» **TASK REQUIREMENTS**: Below are records with pictures; copy word for word only the lines between the line with "JUDY AND MARY" and the line with "ズボラダイエットでどこまで痩せられるのか 4つの方法で日間検証 Lamire ラミレ", inclusive, and drop the pictures.

» **DATASET EXCERPTS**:
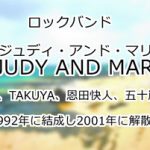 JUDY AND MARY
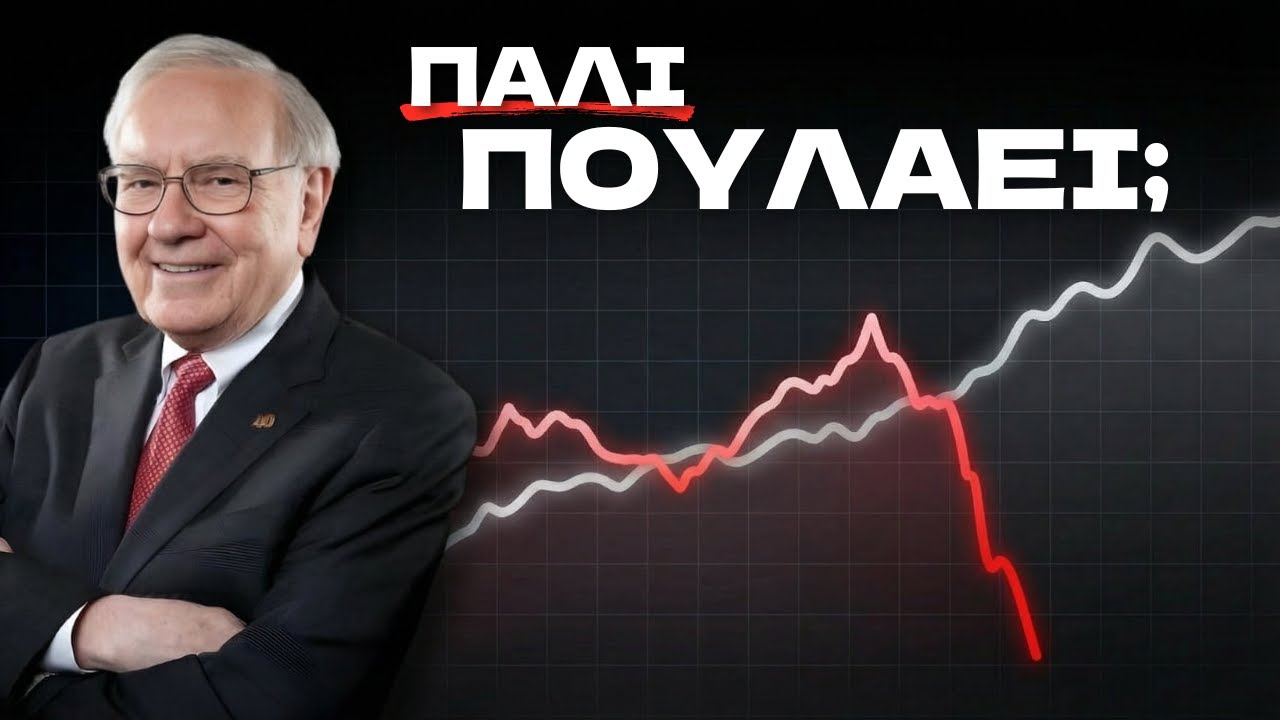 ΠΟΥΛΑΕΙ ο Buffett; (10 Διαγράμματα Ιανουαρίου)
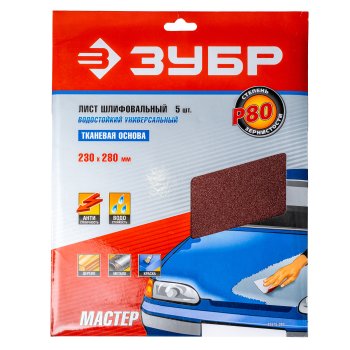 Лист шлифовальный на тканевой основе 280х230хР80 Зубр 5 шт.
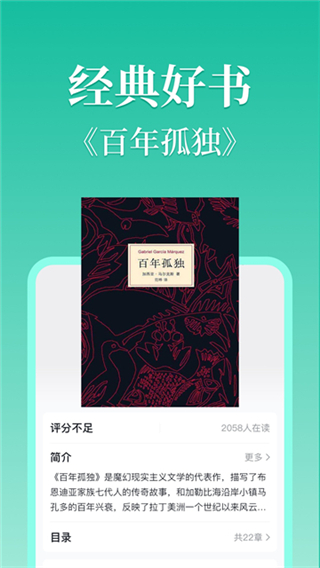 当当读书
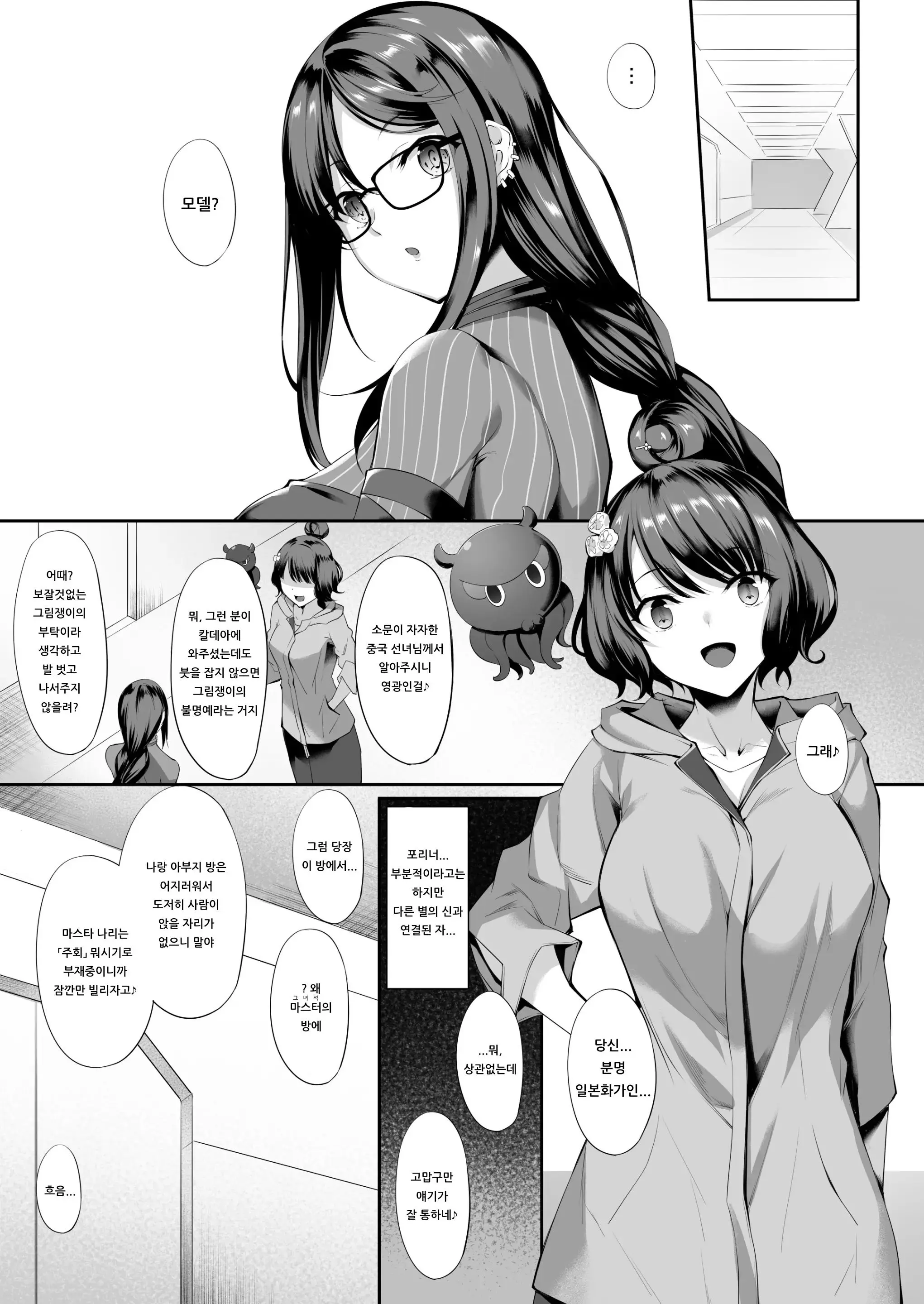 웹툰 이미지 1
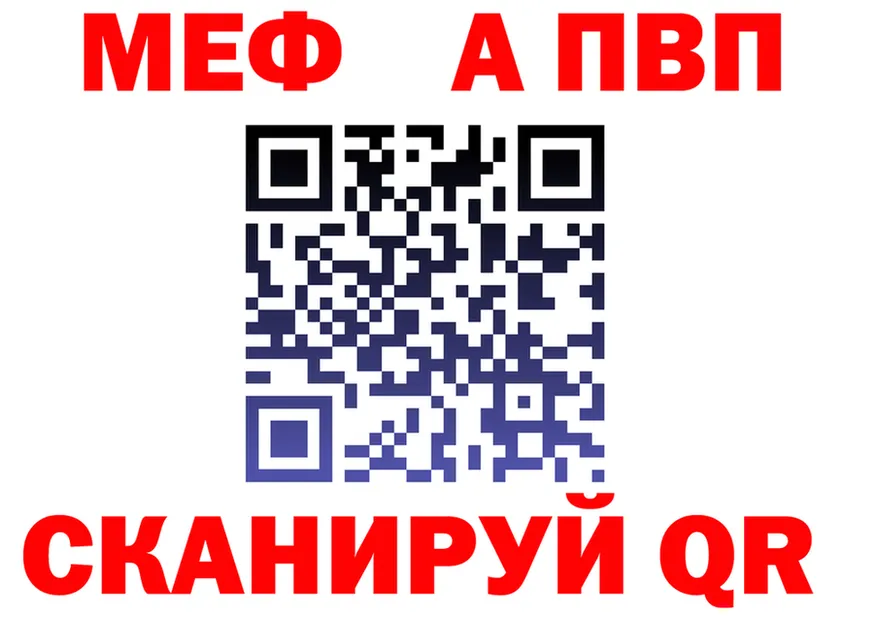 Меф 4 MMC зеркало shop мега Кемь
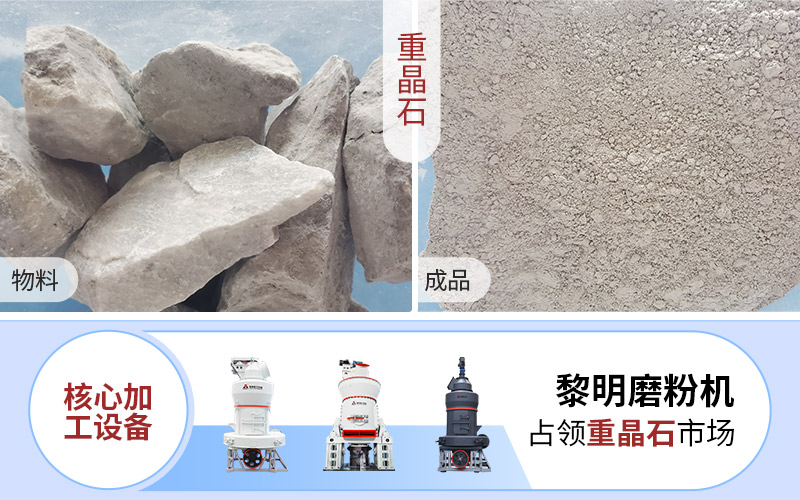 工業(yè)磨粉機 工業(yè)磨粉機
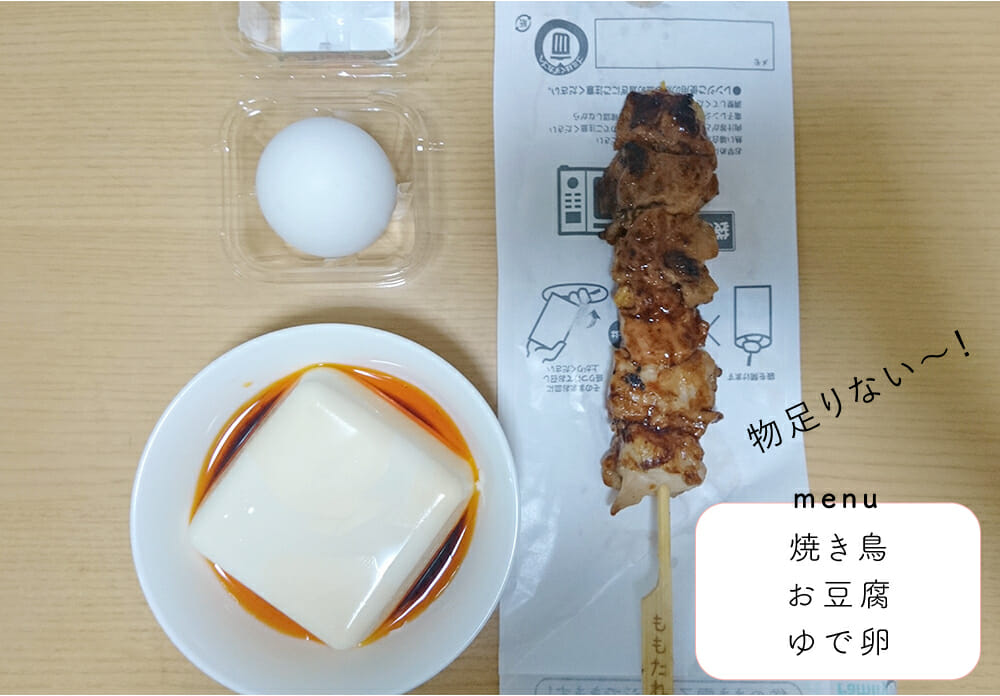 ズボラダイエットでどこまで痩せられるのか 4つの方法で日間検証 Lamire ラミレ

...

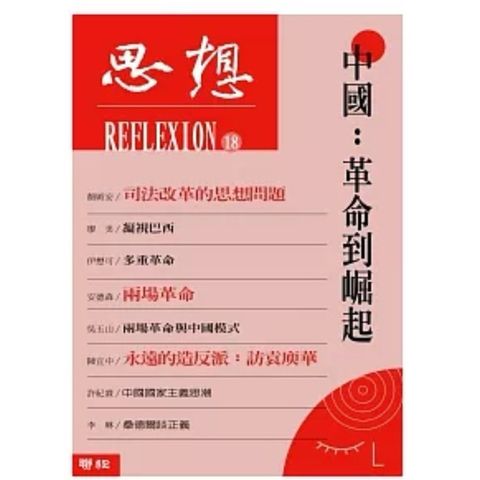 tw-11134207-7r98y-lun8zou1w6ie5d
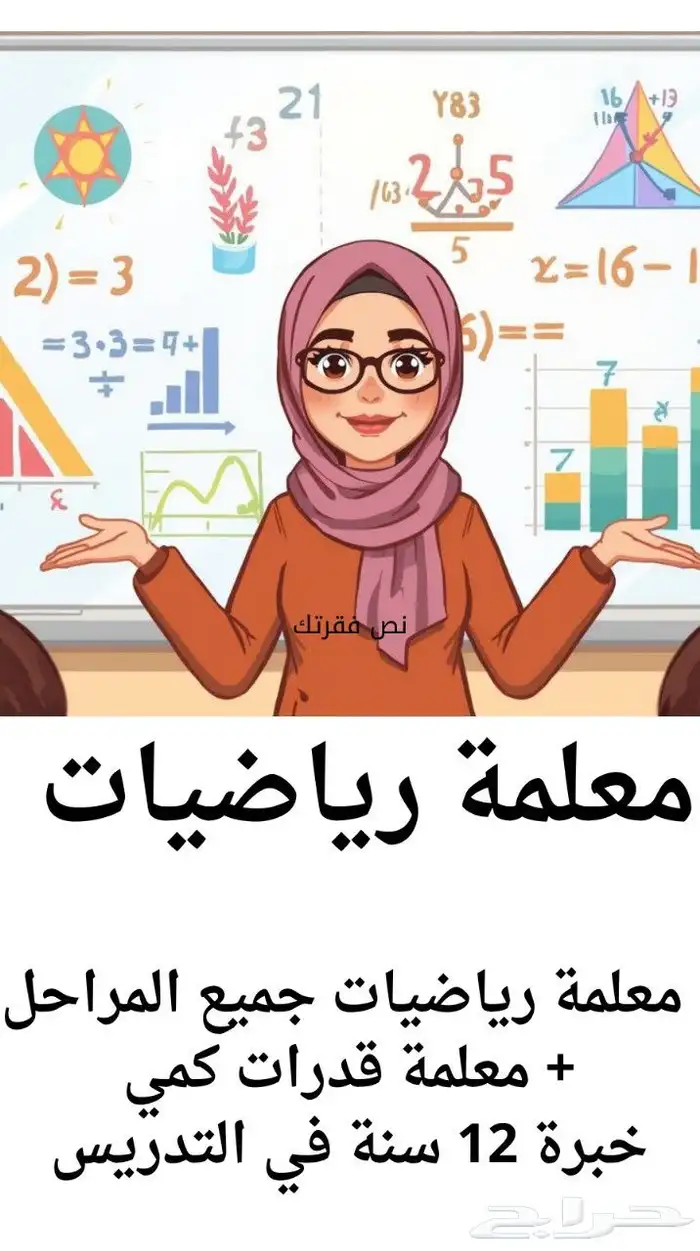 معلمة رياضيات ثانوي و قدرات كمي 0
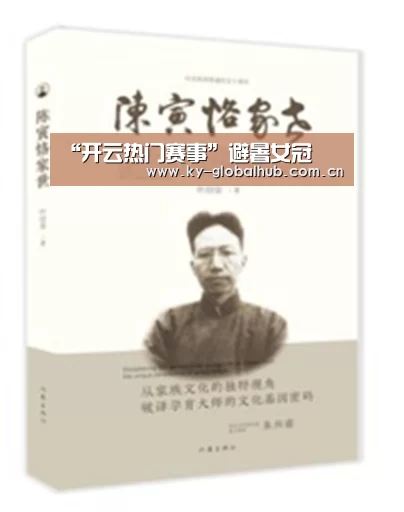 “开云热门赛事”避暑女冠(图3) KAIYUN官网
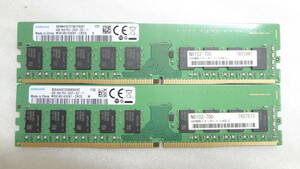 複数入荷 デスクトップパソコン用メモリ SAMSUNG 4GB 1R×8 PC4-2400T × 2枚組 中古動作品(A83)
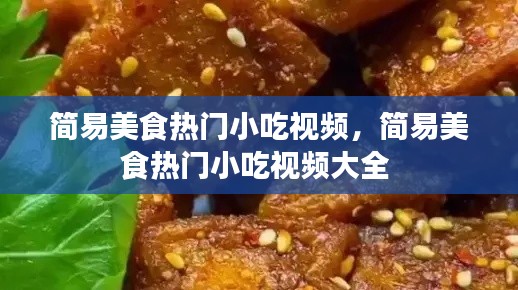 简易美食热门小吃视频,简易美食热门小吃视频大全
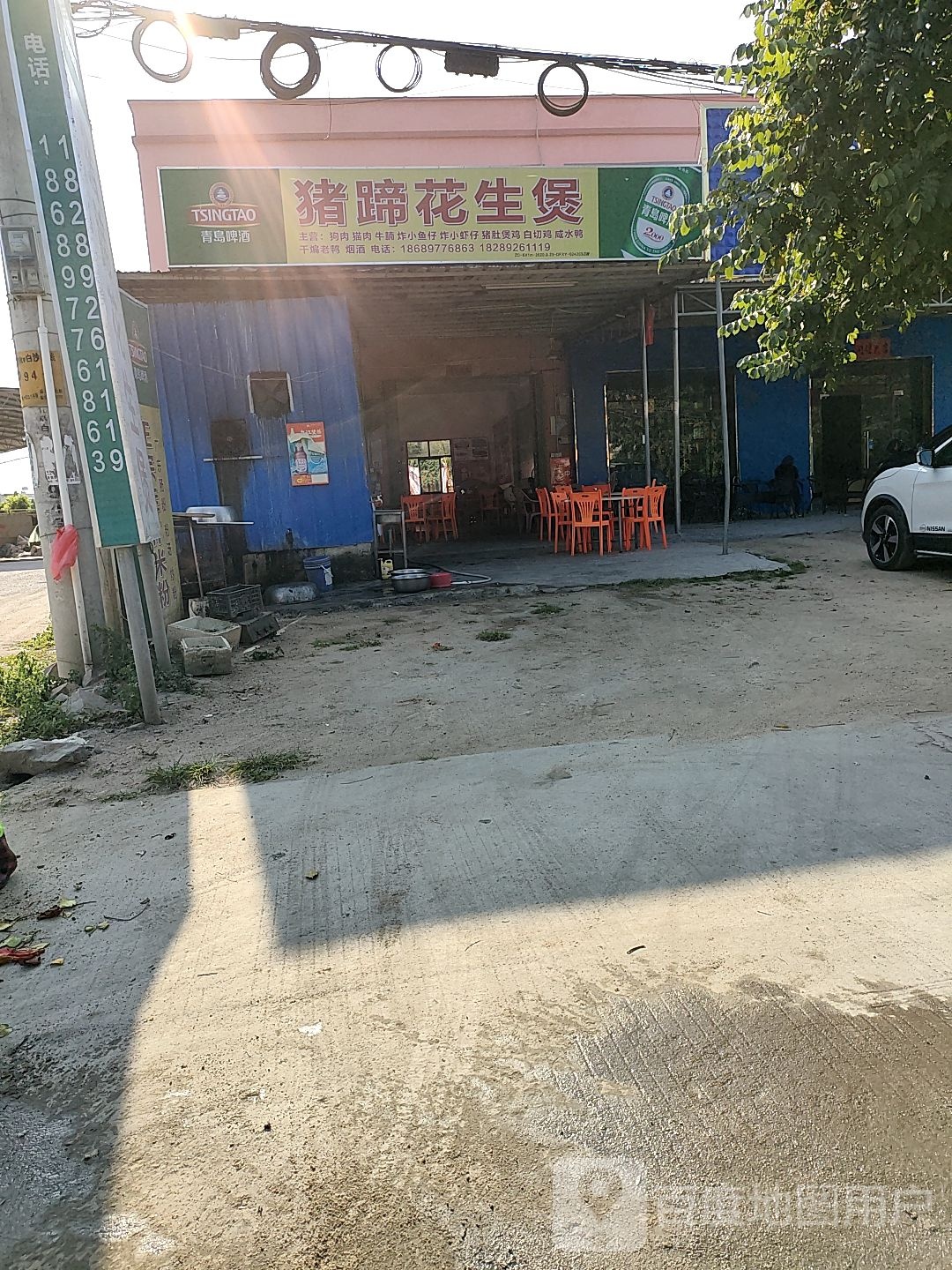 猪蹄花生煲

==

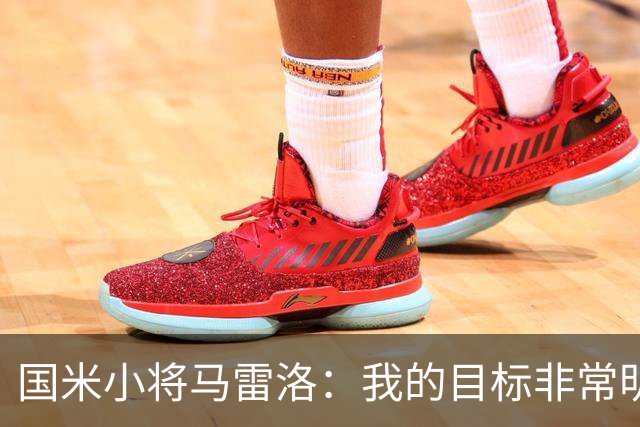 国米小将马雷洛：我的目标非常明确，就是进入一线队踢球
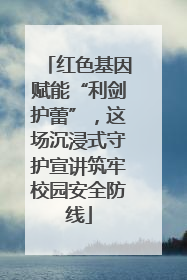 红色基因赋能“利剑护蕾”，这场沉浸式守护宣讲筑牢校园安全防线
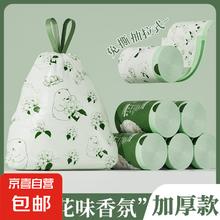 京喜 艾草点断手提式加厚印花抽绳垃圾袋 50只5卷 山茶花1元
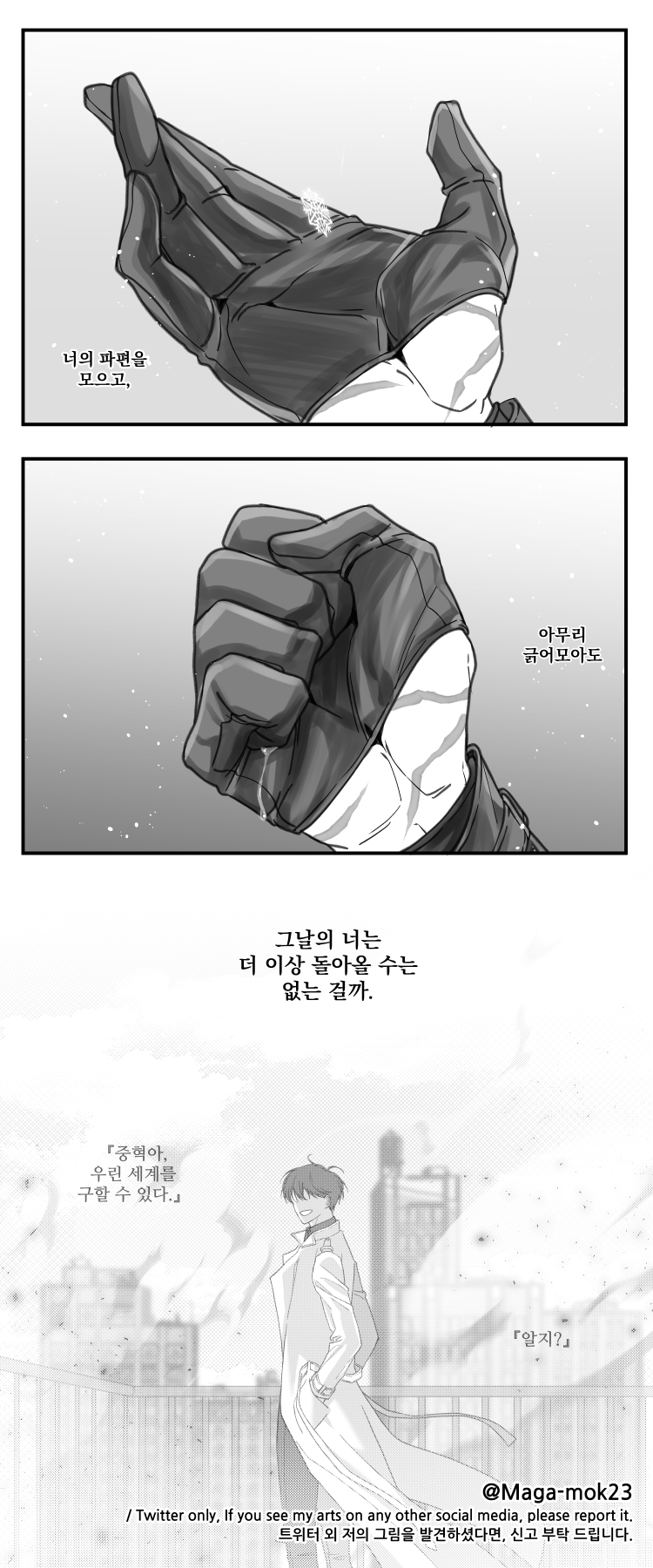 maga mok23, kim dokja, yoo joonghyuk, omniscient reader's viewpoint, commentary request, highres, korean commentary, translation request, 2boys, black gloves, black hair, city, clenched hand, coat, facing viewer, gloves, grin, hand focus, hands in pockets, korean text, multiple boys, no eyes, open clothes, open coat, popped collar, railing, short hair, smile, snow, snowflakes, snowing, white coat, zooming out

» **YOUR SOLUTION**:
 JUDY AND MARY
 ΠΟΥΛΑΕΙ ο Buffett; (10 Διαγράμματα Ιανουαρίου)
 Лист шлифовальный на тканевой основе 280х230хР80 Зубр 5 шт.
 当当读书
 웹툰 이미지 1
 Меф 4 MMC зеркало shop мега Кемь
 工業(yè)磨粉機 工業(yè)磨粉機
 ズボラダイエットでどこまで痩せられるのか 4つの方法で日間検証 Lamire ラミレ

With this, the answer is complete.